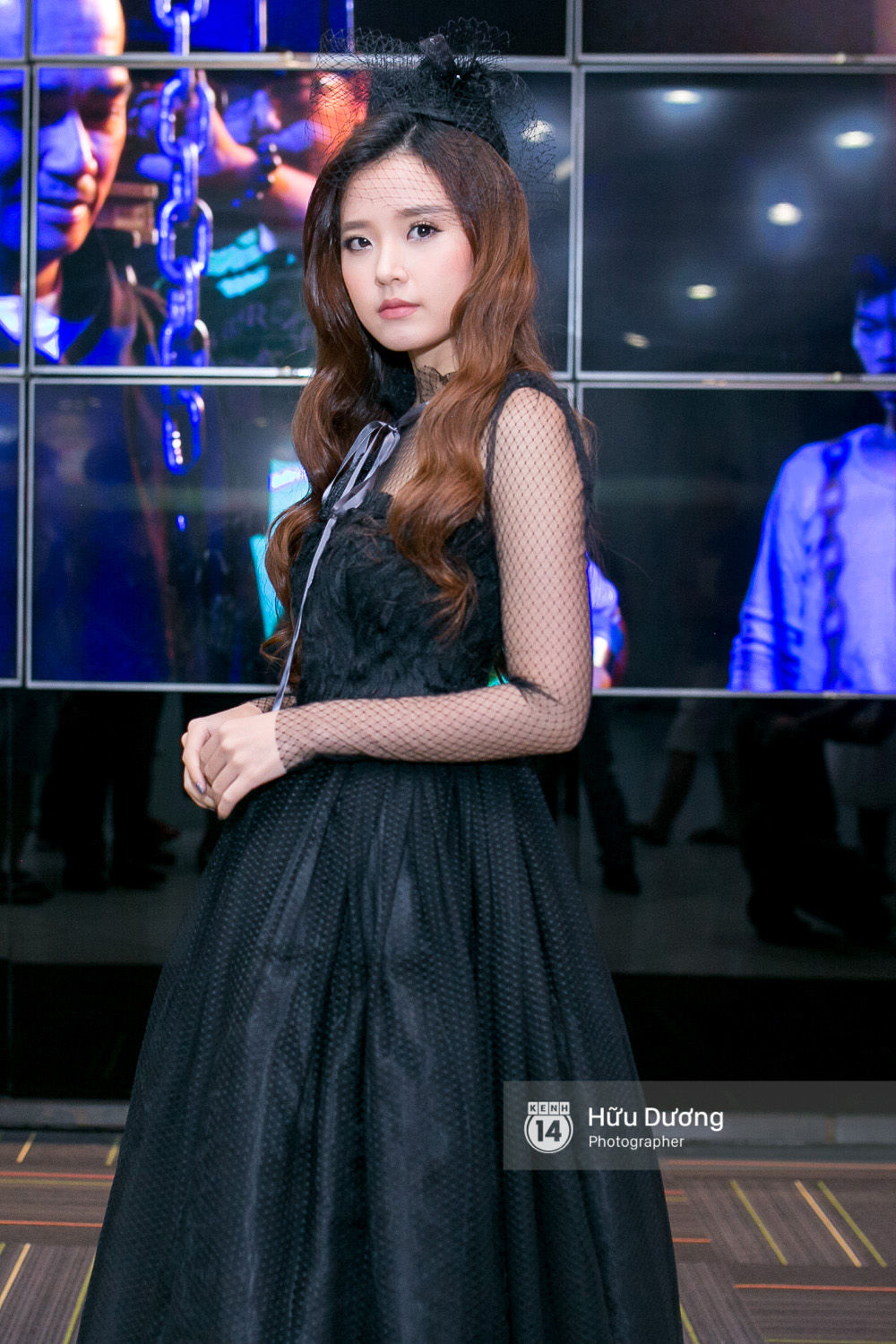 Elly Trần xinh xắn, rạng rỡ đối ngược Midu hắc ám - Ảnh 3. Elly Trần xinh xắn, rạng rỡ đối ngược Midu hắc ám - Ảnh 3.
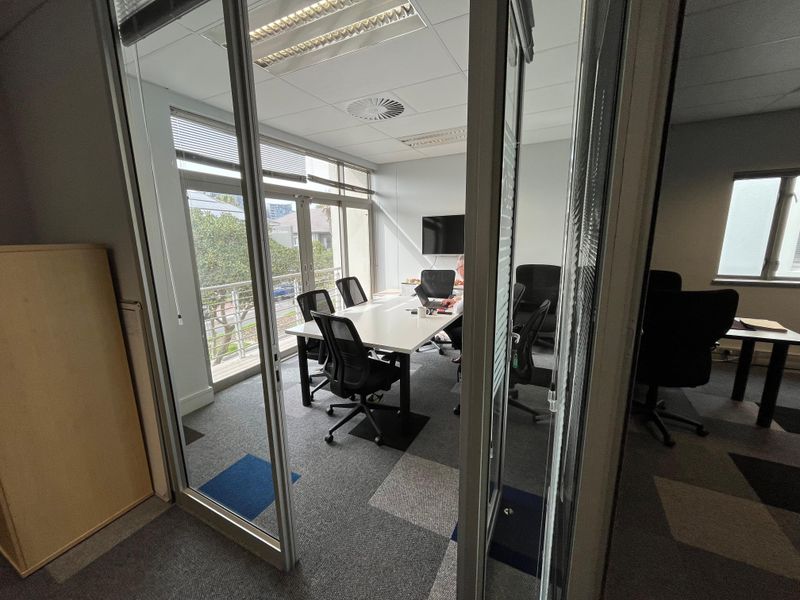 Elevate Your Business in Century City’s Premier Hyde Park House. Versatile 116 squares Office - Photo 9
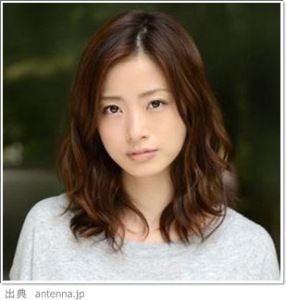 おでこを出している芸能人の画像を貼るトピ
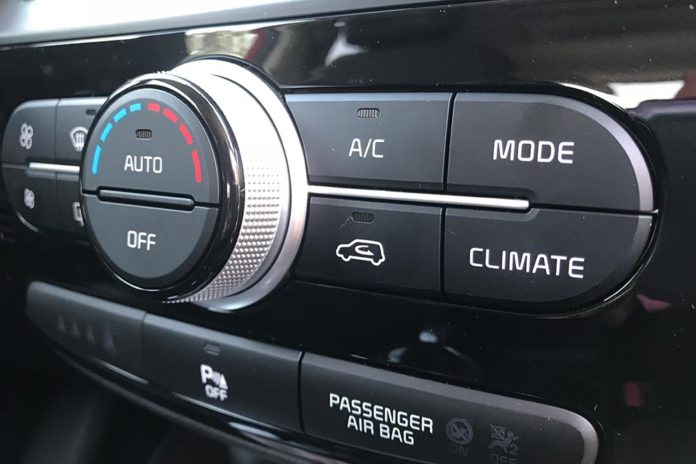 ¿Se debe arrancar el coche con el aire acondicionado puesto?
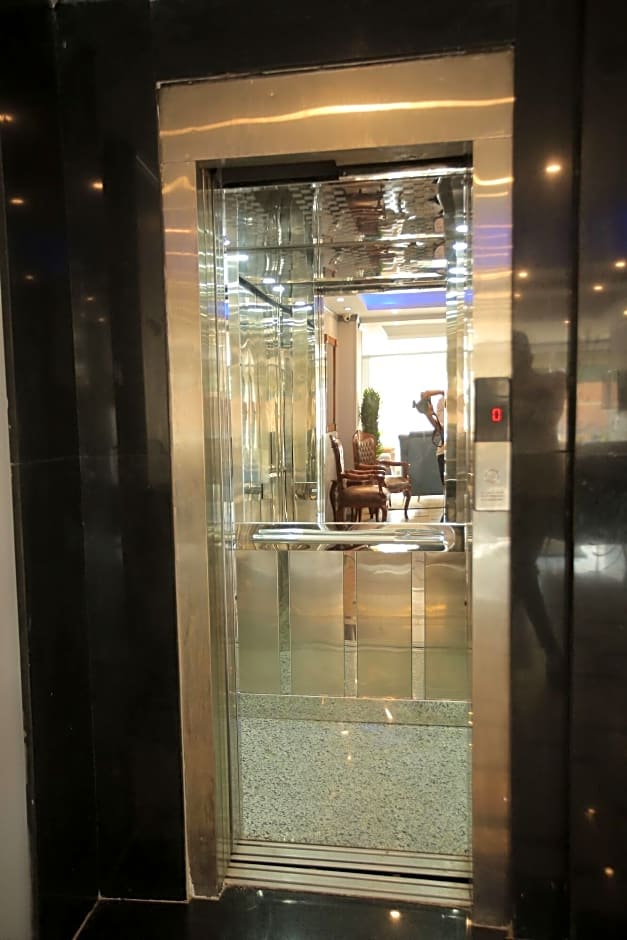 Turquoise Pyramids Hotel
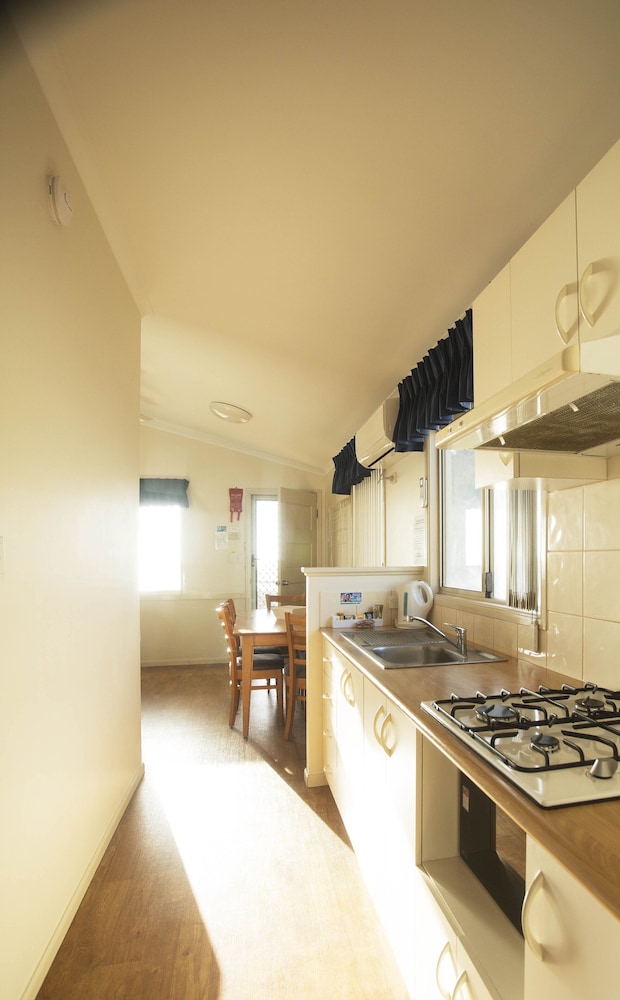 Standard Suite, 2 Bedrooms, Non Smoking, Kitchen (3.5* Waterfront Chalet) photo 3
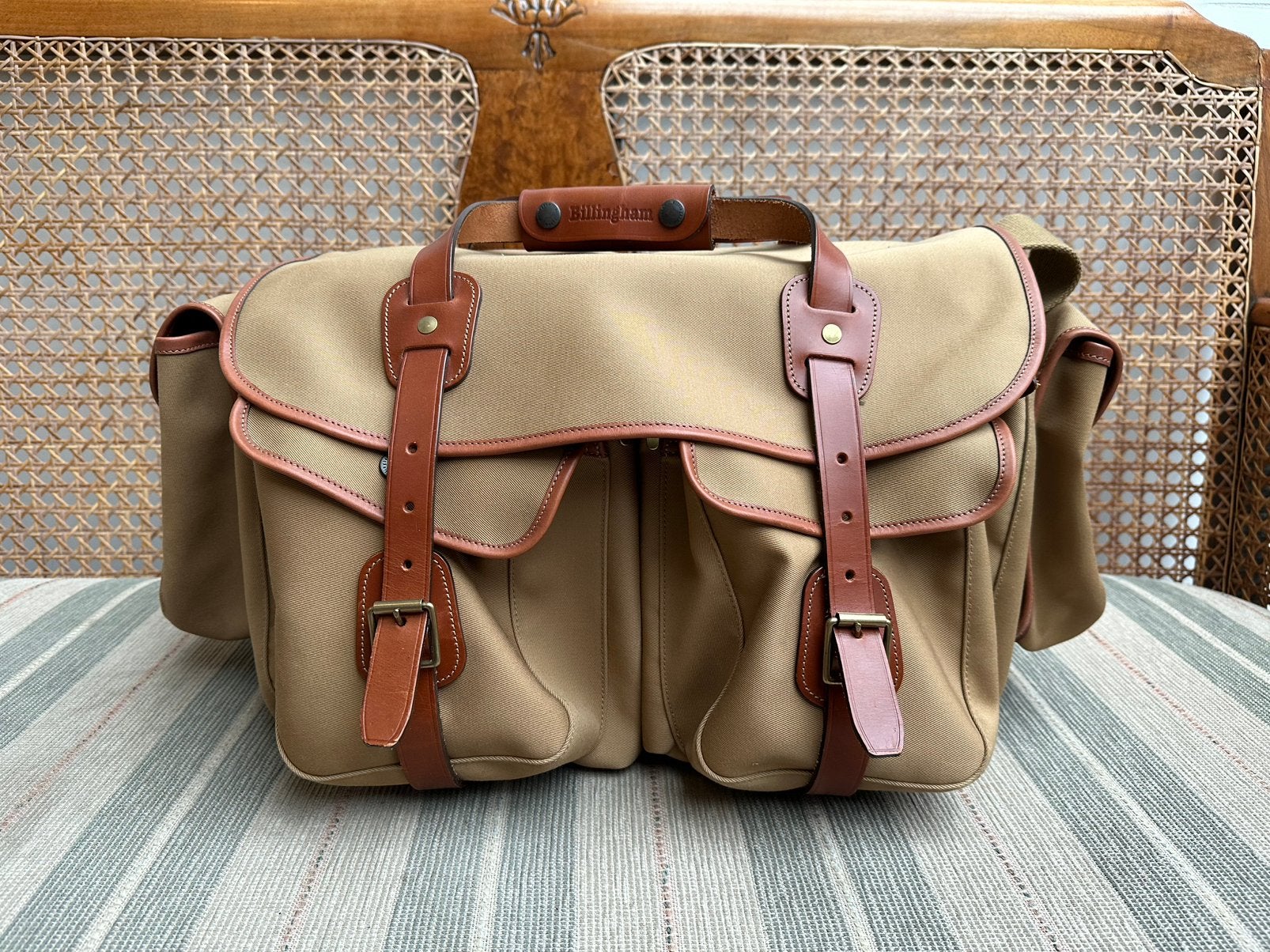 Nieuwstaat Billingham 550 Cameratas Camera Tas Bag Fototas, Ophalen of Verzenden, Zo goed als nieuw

-.-.-

## Task requirements:
Here the job is to print the data above exactly, except for any pictures.

## Task solution:
 Elly Trần xinh xắn, rạng rỡ đối ngược Midu hắc ám - Ảnh 3. Elly Trần xinh xắn, rạng rỡ đối ngược Midu hắc ám - Ảnh 3.
 Elevate Your Business in Century City’s Premier Hyde Park House. Versatile 116 squares Office - Photo 9
 おでこを出している芸能人の画像を貼るトピ
 ¿Se debe arrancar el coche con el aire acondicionado puesto?
 Turquoise Pyramids Hotel
 Standard Suite, 2 Bedrooms, Non Smoking, Kitchen (3.5* Waterfront Chalet) photo 3
 Nieuwstaat Billingham 550 Cameratas Camera Tas Bag Fototas, Ophalen of Verzenden, Zo goed als nieuw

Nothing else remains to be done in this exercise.